As water pounded on me in torrents, I walked my broken bicycle along the side of the highway. With all my gear, I was pushing ninety-five pounds uphill in the rain and mud. It was horrible. I was glad I brought good walking shoes. Each revolution of the front wheel produced a click from my odometer. A slow clink of metal against metal, reminding me of a metronome set to very slow. Every time a vehicle came along, I stuck my thumb out. After five miles of wet, cold misery, a tractor-trailer stopped and offered me a ride. I gladly strapped my bicycle to the empty flatbed, and jumped into the warm cab. Ironically, the truck was heading for Salina, Kansas. While the offer of a ride all the way to Kansas was tempting, I really wanted to ride on my own. I turned down this chance to get ahead of my schedule. The truck driver was surprised when I asked him to drop me off at the next motel. Some of my friends were driving out to meet me later in the day, and I hoped to have them pick up replacement parts and deliver them to me. As the truck crested a hill, there in front of me was the sprawling metropolis of Last Chance. At the intersection of two highways, there were only a few buildings, a motel and restaurant on one corner, a convenience store and gas station on another.
It was eleven thirty in the morning, when the astonished motel manager checked me in; eyeing the bicycle I had just unloaded from the truck.

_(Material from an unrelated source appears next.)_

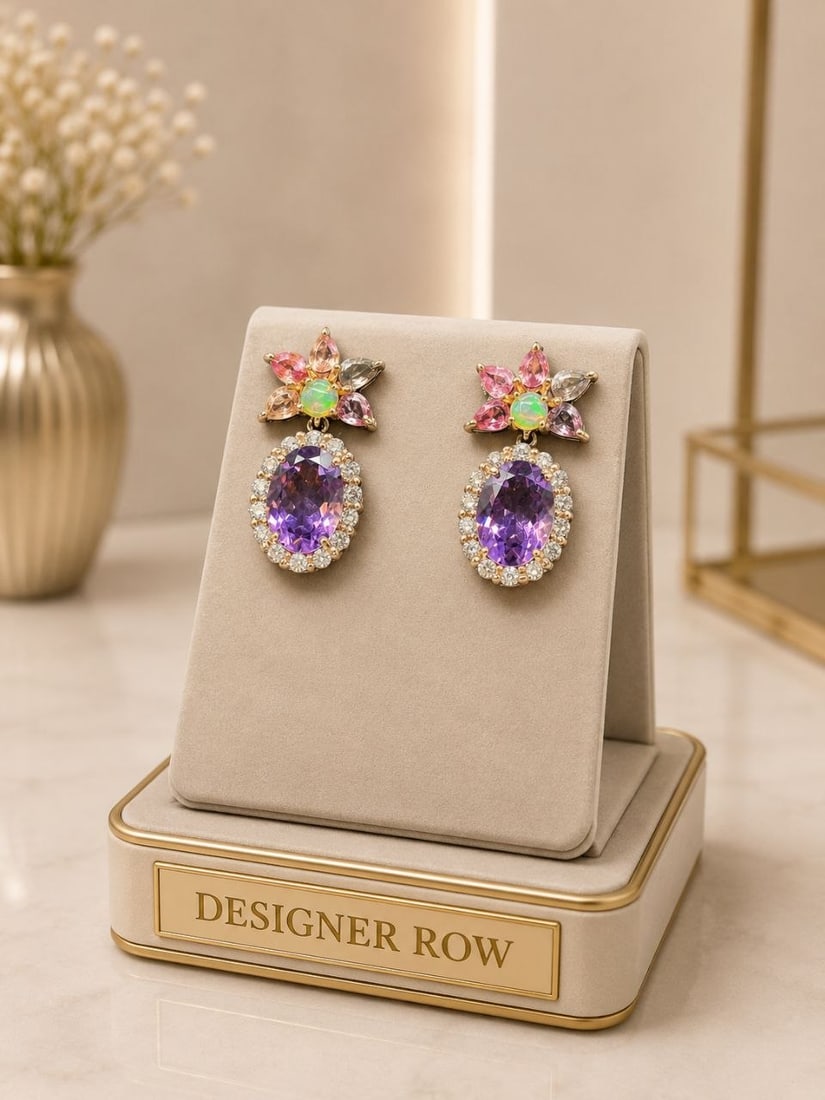 Rare Opal & Amethyst | 42 Certified Gems: NOTE - Additional lots may be added until the final day of the auction. Please check back regularly for updates and newly added items. Certified Amethyst, Sapphire, Opal & White Zircon Drop Earrin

I quickly called my bicycle shop, and explained what had happened. Dave and Nick put together an emergency package for me, while I called my friends, to make sure they were not on the road yet. With all arrangements made, I took advantage of my refuge. Outside the rain had stopped long enough for me to cook the dinner I had packed.
It took me an hour to disassemble and clean the rear end of my bicycle, and get it ready for the parts from heaven.
This was literally my Last chance. I could ask my friends to pack my gear into the trunk, and go home with them. Yesterday, my first day, a couple of former classmates had found me, and after a long rainstorm, offered to take me home. I declined that offer, that chance to go home. Last night I had been kicked out of my campsite and had to ride to the next town at night, in the rain. Today, my bicycle had fallen apart, in a way that even surprised the bike shop when I had called them. Steve and friends were the last to come out and see me. If I let them go, I would have missed this chance. Then it would be up to me to find another way home on my own.
My oasis provided me with ample room to spread out my clothes and tent, as I had not sufficiently waterproofed my packs. Most of my clothing was wet. I had foolishly trusted the waterproofing, and failed to pack everything into garbage bags. Looking at the convenience store across the street, I knew what I had to do. I dashed through the rain, and slogged my way through the mud, bought a box of trash bags, and splashed my way back into my heated room.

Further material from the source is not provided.